I wrote an enum_iterator that does this, together with a ENUM macro using Boost.Preprocessor:

#include <iostream>  #include "enum.hpp"    ENUM(FooEnum,     (N)    (A = 1)    (B = 2)    (C = 4)    (D = 8));    int main() {    litb::enum_iterator< FooEnum, litb::SparseRange<FooEnum> > i = N, end;    while(i != end) {      std::cout << i.to_string() << ": " << *i << std::endl;      ++i;    }  }  

It declares the enum as plain old enum, so you may still use it for "normal" purposes. The iterator can be used for other normal enums too that have sequential values, that's why it has a second template parameter which defaults to litb::ConsequtiveRange<>. It conforms to the bidirectional iterator requirements.

The silly code can be downloaded from here


This article shows you how to generate the string version of an enumerated value, although it requires that you write the code to do so yourself.
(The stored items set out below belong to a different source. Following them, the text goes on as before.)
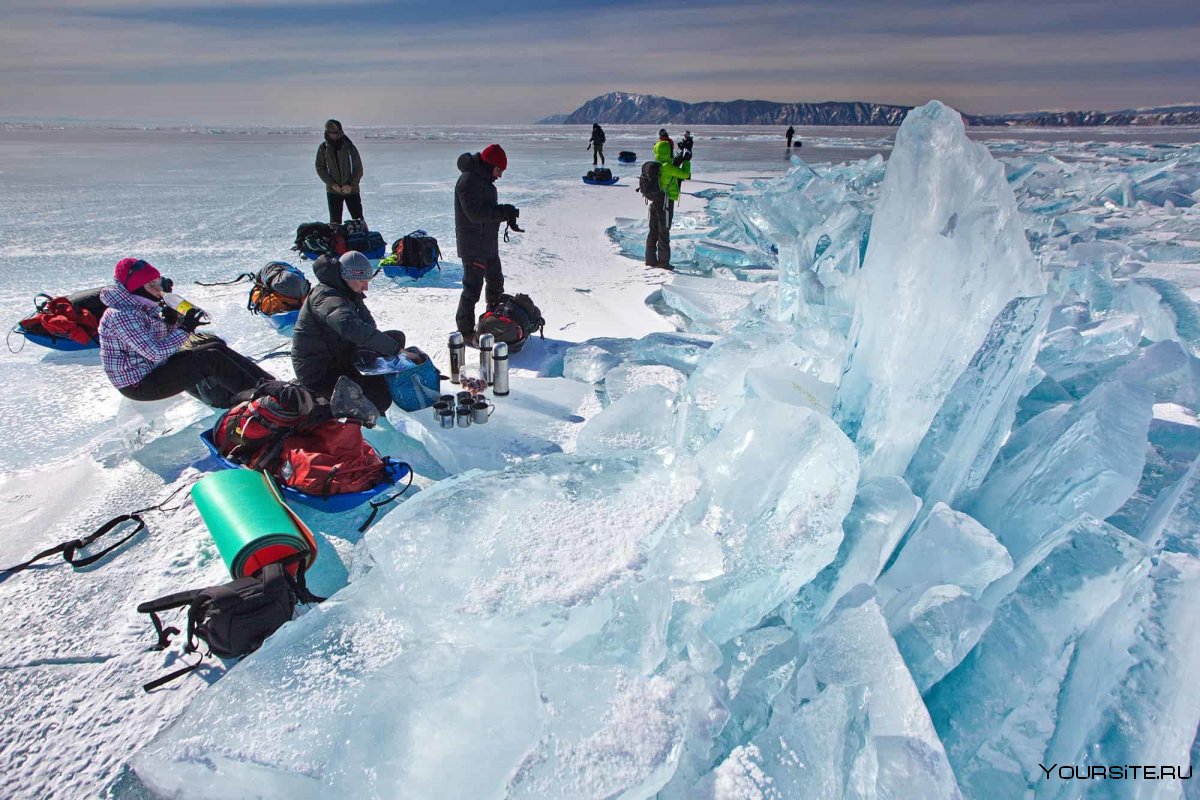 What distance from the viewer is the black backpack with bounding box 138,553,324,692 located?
7.53 feet

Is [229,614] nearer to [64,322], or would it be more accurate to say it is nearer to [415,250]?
[64,322]

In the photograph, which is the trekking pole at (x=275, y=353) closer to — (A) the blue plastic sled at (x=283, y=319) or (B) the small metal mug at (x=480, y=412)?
(A) the blue plastic sled at (x=283, y=319)

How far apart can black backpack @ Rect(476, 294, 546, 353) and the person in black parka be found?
143cm

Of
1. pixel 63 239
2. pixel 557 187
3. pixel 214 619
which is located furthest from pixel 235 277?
pixel 557 187

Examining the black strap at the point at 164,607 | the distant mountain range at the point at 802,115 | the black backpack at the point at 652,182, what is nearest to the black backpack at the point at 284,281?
the black strap at the point at 164,607

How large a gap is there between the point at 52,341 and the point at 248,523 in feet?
13.4

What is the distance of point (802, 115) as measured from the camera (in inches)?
5846

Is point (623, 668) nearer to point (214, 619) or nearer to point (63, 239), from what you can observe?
point (214, 619)

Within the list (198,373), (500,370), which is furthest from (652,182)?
(198,373)

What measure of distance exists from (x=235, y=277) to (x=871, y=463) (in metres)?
7.38

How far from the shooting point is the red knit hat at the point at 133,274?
3.50 meters

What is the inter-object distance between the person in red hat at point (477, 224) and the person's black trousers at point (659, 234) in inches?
120
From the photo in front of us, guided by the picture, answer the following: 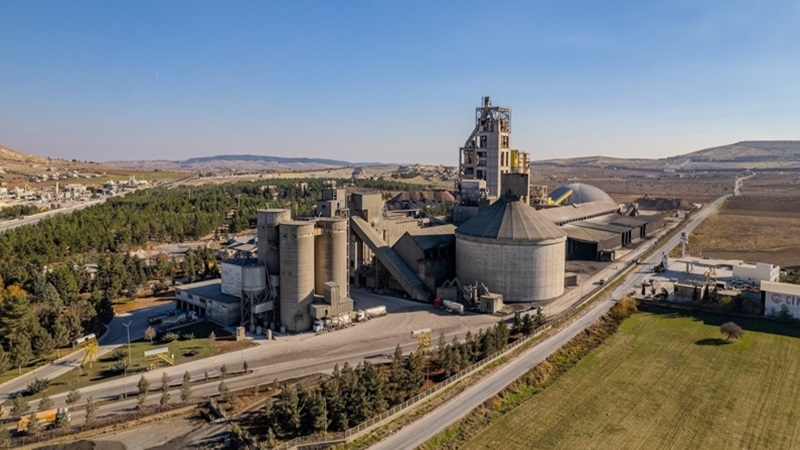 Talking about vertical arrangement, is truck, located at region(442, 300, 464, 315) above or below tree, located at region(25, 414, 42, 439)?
above

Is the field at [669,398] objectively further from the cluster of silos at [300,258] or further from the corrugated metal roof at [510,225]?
the cluster of silos at [300,258]

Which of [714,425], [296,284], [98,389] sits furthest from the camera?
[296,284]

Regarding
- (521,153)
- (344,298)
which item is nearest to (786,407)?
(344,298)

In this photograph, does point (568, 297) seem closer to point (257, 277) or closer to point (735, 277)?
point (735, 277)

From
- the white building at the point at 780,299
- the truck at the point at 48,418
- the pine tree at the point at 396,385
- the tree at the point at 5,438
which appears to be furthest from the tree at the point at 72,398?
the white building at the point at 780,299

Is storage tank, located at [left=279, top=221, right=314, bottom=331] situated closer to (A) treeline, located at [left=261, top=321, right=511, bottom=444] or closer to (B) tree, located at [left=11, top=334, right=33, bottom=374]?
(A) treeline, located at [left=261, top=321, right=511, bottom=444]

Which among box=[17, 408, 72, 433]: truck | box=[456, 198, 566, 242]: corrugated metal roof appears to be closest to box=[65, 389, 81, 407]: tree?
box=[17, 408, 72, 433]: truck

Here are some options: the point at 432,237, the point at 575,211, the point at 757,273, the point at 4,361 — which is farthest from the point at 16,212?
the point at 757,273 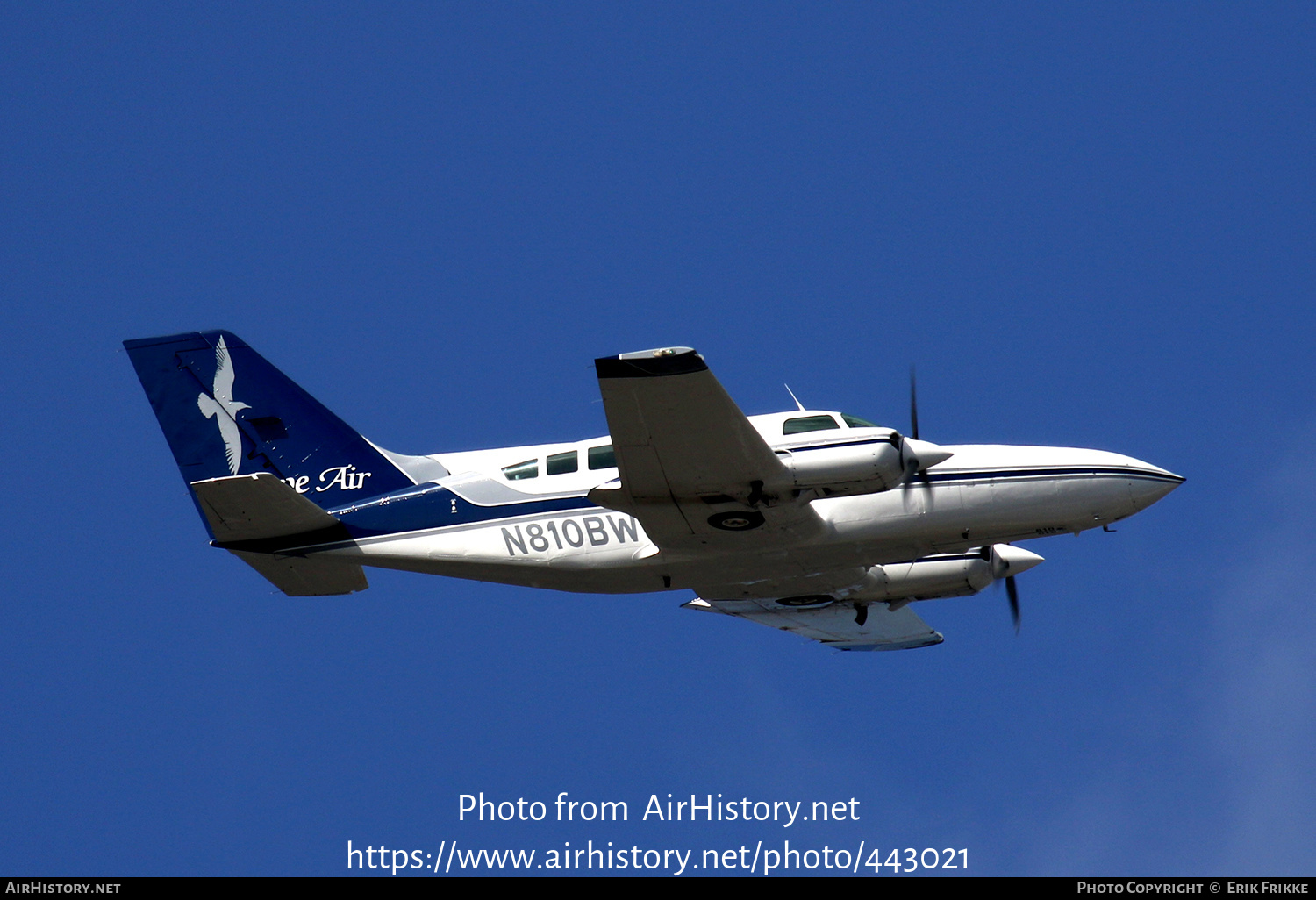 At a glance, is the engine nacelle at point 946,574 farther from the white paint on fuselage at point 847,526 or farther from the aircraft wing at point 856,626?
the white paint on fuselage at point 847,526

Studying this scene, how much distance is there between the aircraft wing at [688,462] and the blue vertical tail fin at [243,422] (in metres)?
6.07

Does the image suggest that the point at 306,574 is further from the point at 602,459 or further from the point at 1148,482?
the point at 1148,482

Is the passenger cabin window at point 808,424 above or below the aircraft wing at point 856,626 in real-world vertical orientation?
above

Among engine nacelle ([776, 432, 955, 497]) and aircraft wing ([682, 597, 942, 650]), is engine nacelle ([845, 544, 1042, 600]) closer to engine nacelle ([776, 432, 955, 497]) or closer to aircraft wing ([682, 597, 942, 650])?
aircraft wing ([682, 597, 942, 650])

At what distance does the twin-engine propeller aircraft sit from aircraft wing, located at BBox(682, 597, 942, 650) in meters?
1.96

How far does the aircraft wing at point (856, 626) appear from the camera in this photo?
108 ft

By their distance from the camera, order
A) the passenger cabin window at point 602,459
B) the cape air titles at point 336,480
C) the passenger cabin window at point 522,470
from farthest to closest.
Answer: the cape air titles at point 336,480 → the passenger cabin window at point 522,470 → the passenger cabin window at point 602,459

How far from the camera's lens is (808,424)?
26.0m

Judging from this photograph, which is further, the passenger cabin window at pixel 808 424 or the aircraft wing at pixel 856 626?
the aircraft wing at pixel 856 626

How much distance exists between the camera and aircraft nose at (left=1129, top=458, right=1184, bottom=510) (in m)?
27.1

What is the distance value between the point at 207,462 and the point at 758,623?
13318 mm

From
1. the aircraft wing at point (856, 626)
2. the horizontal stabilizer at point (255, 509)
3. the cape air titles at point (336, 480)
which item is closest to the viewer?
the horizontal stabilizer at point (255, 509)

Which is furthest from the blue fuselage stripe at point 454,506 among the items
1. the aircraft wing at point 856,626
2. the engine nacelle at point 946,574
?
the aircraft wing at point 856,626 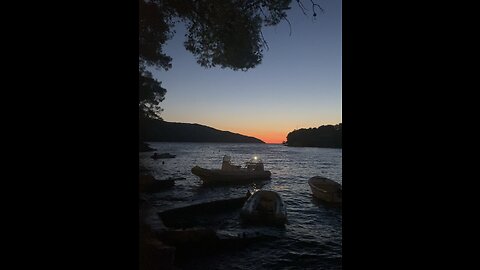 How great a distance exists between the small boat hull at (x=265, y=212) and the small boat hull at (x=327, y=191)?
8398 millimetres

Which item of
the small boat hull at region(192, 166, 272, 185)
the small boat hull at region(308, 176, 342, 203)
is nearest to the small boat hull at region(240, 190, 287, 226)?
the small boat hull at region(308, 176, 342, 203)

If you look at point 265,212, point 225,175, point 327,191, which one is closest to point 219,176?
point 225,175

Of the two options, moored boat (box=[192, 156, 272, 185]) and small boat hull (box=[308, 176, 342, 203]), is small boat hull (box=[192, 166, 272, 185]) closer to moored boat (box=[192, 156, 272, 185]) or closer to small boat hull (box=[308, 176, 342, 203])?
moored boat (box=[192, 156, 272, 185])

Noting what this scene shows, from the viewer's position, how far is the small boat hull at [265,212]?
16.4 m

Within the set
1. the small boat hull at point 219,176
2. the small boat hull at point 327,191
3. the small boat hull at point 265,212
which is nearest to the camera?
the small boat hull at point 265,212

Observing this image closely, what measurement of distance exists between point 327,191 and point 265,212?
985cm

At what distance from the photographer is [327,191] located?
80.0 ft

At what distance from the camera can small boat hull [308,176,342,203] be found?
24234 millimetres

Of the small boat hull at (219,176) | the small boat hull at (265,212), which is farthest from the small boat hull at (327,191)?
the small boat hull at (219,176)

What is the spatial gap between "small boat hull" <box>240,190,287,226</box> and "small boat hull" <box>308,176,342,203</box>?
8.40 m

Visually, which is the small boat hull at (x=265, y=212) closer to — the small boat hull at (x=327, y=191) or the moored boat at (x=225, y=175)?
the small boat hull at (x=327, y=191)
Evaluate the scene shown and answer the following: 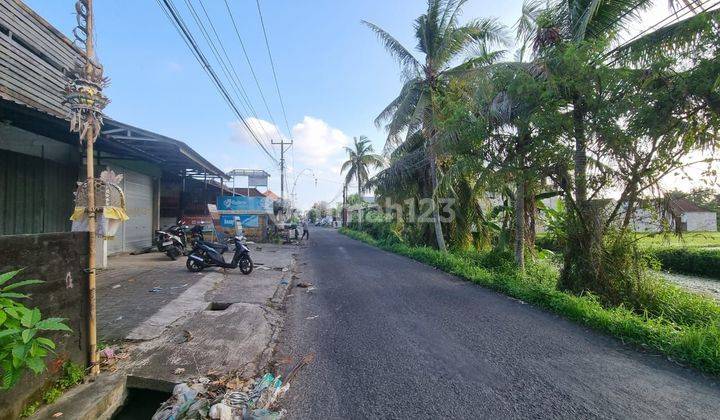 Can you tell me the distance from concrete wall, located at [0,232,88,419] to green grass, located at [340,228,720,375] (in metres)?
6.05

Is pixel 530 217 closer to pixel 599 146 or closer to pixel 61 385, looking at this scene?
pixel 599 146

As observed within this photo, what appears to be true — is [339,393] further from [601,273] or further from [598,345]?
[601,273]

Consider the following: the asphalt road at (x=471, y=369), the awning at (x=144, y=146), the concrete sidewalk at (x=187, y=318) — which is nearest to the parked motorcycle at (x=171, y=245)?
the concrete sidewalk at (x=187, y=318)

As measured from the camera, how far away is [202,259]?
27.8ft

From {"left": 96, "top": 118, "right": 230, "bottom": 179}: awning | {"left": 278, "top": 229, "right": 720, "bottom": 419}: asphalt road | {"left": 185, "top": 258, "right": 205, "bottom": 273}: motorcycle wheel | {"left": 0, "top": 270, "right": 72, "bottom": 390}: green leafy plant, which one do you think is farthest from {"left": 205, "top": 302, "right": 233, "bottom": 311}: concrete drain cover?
{"left": 96, "top": 118, "right": 230, "bottom": 179}: awning

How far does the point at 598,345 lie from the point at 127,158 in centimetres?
1142

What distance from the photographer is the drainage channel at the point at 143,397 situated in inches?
119

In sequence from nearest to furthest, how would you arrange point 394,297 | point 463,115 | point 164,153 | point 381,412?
point 381,412 < point 394,297 < point 463,115 < point 164,153

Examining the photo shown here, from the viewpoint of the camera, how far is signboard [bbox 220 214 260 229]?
54.6 ft

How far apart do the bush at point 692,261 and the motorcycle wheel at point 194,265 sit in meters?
14.9

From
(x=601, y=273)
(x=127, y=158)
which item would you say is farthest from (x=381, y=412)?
(x=127, y=158)

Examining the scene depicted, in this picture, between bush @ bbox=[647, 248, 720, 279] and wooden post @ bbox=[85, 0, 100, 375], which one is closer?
wooden post @ bbox=[85, 0, 100, 375]

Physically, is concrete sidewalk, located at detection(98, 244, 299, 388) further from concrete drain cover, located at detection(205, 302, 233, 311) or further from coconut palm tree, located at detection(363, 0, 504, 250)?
coconut palm tree, located at detection(363, 0, 504, 250)

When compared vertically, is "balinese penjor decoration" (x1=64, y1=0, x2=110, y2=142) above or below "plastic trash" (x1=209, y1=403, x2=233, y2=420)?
above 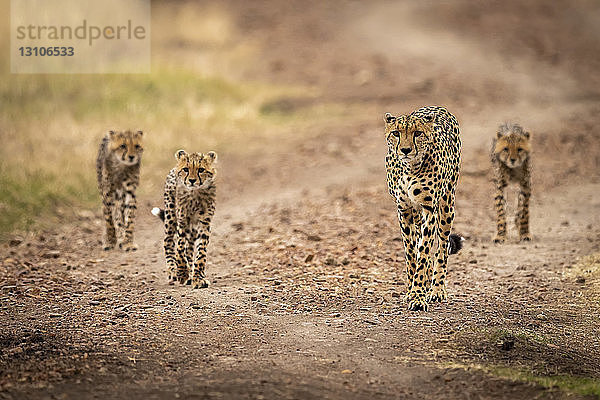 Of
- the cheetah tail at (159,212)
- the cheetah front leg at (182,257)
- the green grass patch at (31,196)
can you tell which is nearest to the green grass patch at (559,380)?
the cheetah front leg at (182,257)

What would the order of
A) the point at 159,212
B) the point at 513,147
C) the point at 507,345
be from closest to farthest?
1. the point at 507,345
2. the point at 159,212
3. the point at 513,147

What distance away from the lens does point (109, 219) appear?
1100 centimetres

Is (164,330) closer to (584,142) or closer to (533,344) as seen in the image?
(533,344)

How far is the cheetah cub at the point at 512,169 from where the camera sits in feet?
37.3

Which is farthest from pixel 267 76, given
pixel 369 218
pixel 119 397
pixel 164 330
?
pixel 119 397

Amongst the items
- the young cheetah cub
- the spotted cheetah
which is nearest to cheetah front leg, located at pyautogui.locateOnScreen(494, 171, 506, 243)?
the spotted cheetah

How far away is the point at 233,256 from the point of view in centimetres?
1028

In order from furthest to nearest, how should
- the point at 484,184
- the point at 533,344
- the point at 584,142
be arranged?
the point at 584,142, the point at 484,184, the point at 533,344

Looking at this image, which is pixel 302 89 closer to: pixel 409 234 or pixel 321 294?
pixel 321 294

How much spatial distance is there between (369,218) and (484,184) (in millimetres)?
3565

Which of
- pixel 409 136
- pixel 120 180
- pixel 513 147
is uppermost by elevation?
pixel 513 147

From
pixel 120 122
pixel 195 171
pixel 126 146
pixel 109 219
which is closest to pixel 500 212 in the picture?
pixel 195 171

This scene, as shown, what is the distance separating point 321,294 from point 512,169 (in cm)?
426

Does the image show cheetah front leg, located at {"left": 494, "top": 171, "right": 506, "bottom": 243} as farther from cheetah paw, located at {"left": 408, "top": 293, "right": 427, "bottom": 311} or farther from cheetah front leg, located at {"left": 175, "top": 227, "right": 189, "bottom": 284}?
cheetah front leg, located at {"left": 175, "top": 227, "right": 189, "bottom": 284} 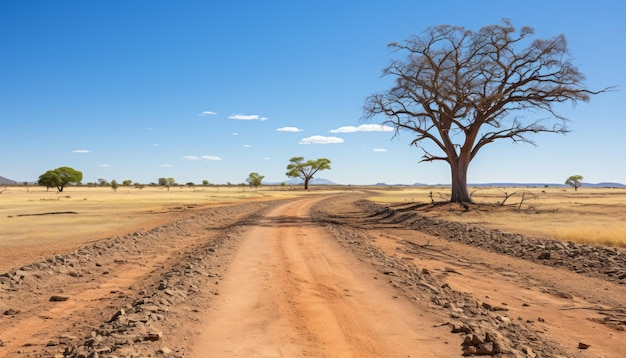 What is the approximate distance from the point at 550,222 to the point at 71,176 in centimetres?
10846

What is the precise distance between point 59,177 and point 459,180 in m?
97.3

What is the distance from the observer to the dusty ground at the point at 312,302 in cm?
545

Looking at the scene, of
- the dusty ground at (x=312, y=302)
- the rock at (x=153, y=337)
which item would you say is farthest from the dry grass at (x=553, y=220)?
the rock at (x=153, y=337)

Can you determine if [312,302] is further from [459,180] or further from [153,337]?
[459,180]

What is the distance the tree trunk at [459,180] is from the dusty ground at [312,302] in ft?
60.4

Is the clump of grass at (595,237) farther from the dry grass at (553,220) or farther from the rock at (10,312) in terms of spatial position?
the rock at (10,312)

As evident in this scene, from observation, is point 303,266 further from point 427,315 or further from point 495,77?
point 495,77

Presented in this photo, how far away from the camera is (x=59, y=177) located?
97.4 m

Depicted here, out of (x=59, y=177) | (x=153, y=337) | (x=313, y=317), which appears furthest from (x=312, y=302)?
(x=59, y=177)

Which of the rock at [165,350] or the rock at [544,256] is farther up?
the rock at [165,350]

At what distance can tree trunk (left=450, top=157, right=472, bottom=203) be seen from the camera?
32.7 metres

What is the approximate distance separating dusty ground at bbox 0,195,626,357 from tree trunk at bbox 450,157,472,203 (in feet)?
60.4

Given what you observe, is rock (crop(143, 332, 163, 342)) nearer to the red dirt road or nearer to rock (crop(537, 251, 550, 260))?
the red dirt road

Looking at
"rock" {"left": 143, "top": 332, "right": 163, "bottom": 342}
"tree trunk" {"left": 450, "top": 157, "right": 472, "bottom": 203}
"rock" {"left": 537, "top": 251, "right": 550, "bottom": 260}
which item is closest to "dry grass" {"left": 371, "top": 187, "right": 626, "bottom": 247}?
"tree trunk" {"left": 450, "top": 157, "right": 472, "bottom": 203} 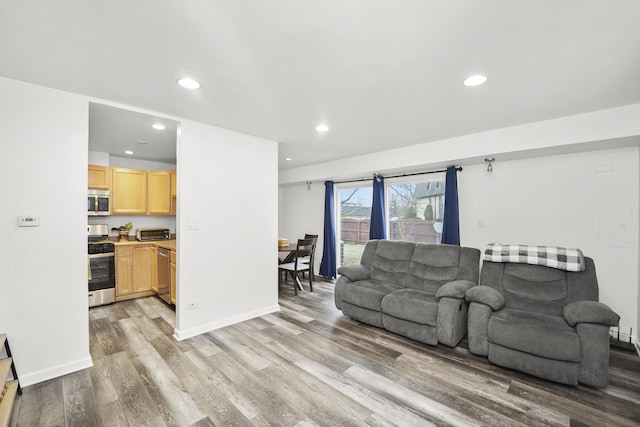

It also provides a preprocessor macro to very easily permit incrementing and decrementing enumerated variables, as long as your enum is continuous.

This library provides more flexible incrementing and decrementing.

The enum_rev4.6.zip library in the Boost Vault provides easy string conversions. It looks like it supports incrementing and decrementing using iterators (which is probably less convenient, but it works). It's basically undocumented, although the libs/test directory contains some good example code.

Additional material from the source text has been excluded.